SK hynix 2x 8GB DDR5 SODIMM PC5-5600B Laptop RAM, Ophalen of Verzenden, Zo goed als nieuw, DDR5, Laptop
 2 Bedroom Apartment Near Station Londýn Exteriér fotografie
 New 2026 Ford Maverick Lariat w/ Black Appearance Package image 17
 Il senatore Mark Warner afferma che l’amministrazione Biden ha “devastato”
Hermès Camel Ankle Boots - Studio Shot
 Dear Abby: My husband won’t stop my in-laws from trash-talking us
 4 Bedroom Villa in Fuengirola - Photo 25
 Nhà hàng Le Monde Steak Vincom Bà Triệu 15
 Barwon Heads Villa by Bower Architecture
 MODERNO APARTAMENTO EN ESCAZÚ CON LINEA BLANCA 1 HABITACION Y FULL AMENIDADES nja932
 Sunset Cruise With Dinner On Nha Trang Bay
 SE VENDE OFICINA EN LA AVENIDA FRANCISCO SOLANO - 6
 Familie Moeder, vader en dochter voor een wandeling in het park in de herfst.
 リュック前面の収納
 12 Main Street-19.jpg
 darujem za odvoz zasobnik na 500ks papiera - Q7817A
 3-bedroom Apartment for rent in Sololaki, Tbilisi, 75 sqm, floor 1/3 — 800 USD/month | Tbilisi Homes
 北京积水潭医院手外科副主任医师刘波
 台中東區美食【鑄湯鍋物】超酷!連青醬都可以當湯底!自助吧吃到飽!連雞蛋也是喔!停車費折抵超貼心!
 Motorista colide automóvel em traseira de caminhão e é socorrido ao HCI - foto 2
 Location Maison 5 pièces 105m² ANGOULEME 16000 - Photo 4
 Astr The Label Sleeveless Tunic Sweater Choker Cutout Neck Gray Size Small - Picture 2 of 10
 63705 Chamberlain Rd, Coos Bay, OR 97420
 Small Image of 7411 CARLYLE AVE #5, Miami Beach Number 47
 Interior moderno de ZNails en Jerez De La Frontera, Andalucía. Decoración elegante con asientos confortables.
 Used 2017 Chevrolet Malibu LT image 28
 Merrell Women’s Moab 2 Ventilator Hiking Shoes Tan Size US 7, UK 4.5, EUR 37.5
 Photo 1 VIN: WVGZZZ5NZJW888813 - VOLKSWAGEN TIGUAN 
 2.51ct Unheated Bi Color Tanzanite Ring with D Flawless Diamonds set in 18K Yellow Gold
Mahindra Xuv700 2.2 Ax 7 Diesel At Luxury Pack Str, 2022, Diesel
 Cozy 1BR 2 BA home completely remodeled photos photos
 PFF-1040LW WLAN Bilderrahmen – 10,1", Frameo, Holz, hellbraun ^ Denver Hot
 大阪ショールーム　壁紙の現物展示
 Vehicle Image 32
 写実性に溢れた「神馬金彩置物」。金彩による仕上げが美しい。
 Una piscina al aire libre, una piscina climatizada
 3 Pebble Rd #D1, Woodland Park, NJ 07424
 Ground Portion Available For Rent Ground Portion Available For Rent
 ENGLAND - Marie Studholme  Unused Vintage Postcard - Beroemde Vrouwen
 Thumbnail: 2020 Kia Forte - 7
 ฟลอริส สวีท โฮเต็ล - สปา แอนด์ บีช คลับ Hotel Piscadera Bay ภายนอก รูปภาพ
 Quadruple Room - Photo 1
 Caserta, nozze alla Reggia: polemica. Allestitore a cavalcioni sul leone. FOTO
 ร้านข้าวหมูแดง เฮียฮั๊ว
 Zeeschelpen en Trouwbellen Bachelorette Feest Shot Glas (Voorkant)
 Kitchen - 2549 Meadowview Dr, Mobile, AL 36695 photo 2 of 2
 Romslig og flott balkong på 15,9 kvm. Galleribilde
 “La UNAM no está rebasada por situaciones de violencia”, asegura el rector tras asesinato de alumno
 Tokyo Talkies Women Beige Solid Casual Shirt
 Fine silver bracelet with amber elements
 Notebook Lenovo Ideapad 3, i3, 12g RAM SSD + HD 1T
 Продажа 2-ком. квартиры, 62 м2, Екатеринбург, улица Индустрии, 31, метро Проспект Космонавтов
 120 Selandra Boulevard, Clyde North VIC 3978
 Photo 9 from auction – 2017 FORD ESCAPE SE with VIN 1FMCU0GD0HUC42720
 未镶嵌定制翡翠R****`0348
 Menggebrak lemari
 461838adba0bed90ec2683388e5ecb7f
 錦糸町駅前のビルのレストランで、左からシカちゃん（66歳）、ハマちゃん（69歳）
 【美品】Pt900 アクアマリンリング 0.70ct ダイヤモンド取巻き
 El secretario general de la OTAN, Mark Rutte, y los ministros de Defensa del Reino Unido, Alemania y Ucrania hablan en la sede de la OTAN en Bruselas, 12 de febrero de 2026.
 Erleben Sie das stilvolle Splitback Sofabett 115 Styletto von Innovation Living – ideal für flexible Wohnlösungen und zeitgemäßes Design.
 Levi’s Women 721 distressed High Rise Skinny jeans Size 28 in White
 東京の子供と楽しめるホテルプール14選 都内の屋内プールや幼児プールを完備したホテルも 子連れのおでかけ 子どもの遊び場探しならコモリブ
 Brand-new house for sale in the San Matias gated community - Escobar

________________________________________

**Problem statement:** From the line that has "Thumbnail: 2020 Kia Forte - 7" through the line that has "東京の子供と楽しめるホテルプール14選 都内の屋内プールや幼児プールを完備したホテルも 子連れのおでかけ", copy every line exactly as it appears above, and leave out all others.

**Finished exercise:**
 Thumbnail: 2020 Kia Forte - 7
 ฟลอริส สวีท โฮเต็ล - สปา แอนด์ บีช คลับ Hotel Piscadera Bay ภายนอก รูปภาพ
 Quadruple Room - Photo 1
 Caserta, nozze alla Reggia: polemica. Allestitore a cavalcioni sul leone. FOTO
 ร้านข้าวหมูแดง เฮียฮั๊ว
 Zeeschelpen en Trouwbellen Bachelorette Feest Shot Glas (Voorkant)
 Kitchen - 2549 Meadowview Dr, Mobile, AL 36695 photo 2 of 2
 Romslig og flott balkong på 15,9 kvm. Galleribilde
 “La UNAM no está rebasada por situaciones de violencia”, asegura el rector tras asesinato de alumno
 Tokyo Talkies Women Beige Solid Casual Shirt
 Fine silver bracelet with amber elements
 Notebook Lenovo Ideapad 3, i3, 12g RAM SSD + HD 1T
 Продажа 2-ком. квартиры, 62 м2, Екатеринбург, улица Индустрии, 31, метро Проспект Космонавтов
 120 Selandra Boulevard, Clyde North VIC 3978
 Photo 9 from auction – 2017 FORD ESCAPE SE with VIN 1FMCU0GD0HUC42720
 未镶嵌定制翡翠R****`0348
 Menggebrak lemari
 461838adba0bed90ec2683388e5ecb7f
 錦糸町駅前のビルのレストランで、左からシカちゃん（66歳）、ハマちゃん（69歳）
 【美品】Pt900 アクアマリンリング 0.70ct ダイヤモンド取巻き
 El secretario general de la OTAN, Mark Rutte, y los ministros de Defensa del Reino Unido, Alemania y Ucrania hablan en la sede de la OTAN en Bruselas, 12 de febrero de 2026.
 Erleben Sie das stilvolle Splitback Sofabett 115 Styletto von Innovation Living – ideal für flexible Wohnlösungen und zeitgemäßes Design.
 Levi’s Women 721 distressed High Rise Skinny jeans Size 28 in White
 東京の子供と楽しめるホテルプール14選 都内の屋内プールや幼児プールを完備したホテルも 子連れのおでかけ 子どもの遊び場探しならコモリブ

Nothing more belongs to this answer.